Tangisan Aya semakin menjadi-jadi.
“Kakak bakal jadian sama kak Viny kan?”
Aku semakin tak mengerti arah pembicaraan Aya.
“Kak Viny tuh gak pernah sembarangan ngasih nomernya ke orang kalo gak deket banget.”
Aku tak tega melihat adikku menangis seperti ini setelah sebelumnya ia sangat bahagia. Aku mengusap air mata dari pipinya. Memang beresiko melakukan ini sambil mengemudi, tapi jalan malam itu sudah cukup sepi. “Maksud kamu apa sih? Kan cuma tukeran nomer doang.”
“Kakak pasti bakal jadian sama kak Viny. Terus aku gak diperhatiin lagi, gak dianter jemput lagi.”
“Tetep lah, kan Aya tetep jadi adiknya kak Jerry. Lagian mana mungkin bisa jadian sama oshi sendiri, yang kaya gitu adanya di fanfic doang.” Aku sedikit tertawa.
“Iya. Cuma adik.” Aya kembali menundukkan mukanya, sepertinya tidak peduli pada candaanku barusan.
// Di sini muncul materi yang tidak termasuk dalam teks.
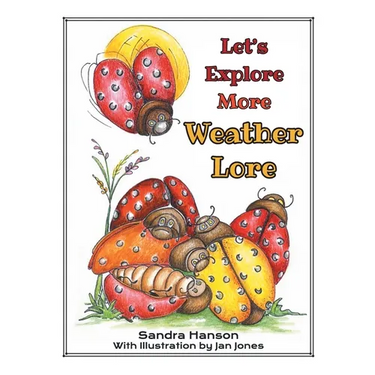 Let's Explore MORE Weather Lore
“Kamu serius nganggep kakak pacar?”
Aya tak menjawabku. Tak terasa kami sudah sampai di depan rumah. Mobilku berhenti. Biasanya Aya yang membukakan gerbang untuk mobilku masuk, tapi kali ini ia terdiam.
“K-kalo iya… gimana?” Aya bertanya balik padaku. Aku memandangnya heran, masih tak mengerti apa yang ada di otak adikku ini.
“Yaudah kita pacaran.”
Aya yang tadinya menunduk kini mendongak memandangku, tatapannya tak percaya, terkejut, dan lega secara bersamaan. Ia lalu menerjang memeluk dan kini juga mencium bibirku. Aku terkejut. Aku membalas ciumannya setelah beberapa detik berlalu. Aya semakin ganas menciumku, tapi bisa dirasakan ia tak terlalu paham bagaimana caranya berciuman. Aya melepaskanku setelah kami berciuman beberapa menit.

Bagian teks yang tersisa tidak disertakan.